» TASK ITEM
As you look over the data below, please find each line where the word "Apartments" appears, then copy it.

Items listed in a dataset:

• • •

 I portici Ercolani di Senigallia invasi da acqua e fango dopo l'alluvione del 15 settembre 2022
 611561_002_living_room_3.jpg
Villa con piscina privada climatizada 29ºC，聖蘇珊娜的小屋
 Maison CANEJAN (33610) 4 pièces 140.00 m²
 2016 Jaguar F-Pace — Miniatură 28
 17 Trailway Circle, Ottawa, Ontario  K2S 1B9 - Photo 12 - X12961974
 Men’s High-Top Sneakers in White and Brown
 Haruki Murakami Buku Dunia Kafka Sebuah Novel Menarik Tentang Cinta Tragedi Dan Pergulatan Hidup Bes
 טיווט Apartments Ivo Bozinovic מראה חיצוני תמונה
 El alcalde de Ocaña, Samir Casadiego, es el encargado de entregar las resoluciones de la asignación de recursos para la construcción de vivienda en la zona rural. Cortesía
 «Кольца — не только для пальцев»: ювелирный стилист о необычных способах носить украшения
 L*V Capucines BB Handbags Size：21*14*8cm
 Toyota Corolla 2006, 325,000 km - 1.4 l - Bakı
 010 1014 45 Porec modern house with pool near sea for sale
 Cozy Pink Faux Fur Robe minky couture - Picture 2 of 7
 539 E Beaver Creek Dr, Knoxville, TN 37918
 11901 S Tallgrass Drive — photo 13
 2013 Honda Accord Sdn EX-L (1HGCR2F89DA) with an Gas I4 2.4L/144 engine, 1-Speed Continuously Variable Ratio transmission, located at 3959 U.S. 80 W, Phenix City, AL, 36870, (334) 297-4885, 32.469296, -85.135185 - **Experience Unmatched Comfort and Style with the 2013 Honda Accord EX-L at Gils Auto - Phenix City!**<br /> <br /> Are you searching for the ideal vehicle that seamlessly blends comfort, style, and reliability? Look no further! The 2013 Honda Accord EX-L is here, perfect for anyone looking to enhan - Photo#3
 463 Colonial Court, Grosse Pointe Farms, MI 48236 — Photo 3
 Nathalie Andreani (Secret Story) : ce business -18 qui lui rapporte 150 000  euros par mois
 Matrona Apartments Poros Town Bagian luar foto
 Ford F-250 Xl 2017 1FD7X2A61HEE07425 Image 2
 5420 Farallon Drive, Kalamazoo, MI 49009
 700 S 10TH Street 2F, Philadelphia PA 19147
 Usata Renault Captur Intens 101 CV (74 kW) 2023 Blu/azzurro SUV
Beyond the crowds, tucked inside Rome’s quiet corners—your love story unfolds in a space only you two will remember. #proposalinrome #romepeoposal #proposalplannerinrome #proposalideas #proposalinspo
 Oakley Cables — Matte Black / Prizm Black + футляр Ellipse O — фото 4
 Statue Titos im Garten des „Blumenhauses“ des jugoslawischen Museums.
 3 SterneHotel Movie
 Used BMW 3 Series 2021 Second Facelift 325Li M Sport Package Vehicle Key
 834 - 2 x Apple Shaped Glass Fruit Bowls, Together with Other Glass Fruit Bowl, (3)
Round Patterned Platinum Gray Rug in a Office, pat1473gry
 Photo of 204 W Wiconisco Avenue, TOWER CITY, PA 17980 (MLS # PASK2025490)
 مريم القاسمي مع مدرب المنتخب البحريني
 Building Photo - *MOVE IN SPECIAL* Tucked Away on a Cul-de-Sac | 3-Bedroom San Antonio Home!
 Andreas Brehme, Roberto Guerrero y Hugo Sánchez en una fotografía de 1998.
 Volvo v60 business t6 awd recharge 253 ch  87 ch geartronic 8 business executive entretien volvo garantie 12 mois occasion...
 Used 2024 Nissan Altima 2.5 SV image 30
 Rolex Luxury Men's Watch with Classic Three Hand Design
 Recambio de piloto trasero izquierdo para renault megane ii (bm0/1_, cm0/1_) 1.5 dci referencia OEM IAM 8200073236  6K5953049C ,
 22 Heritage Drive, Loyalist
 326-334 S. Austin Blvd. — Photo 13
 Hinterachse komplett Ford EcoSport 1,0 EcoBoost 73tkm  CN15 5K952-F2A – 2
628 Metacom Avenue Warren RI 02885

• • •

» SOLUTION
 טיווט Apartments Ivo Bozinovic מראה חיצוני תמונה
 Matrona Apartments Poros Town Bagian luar foto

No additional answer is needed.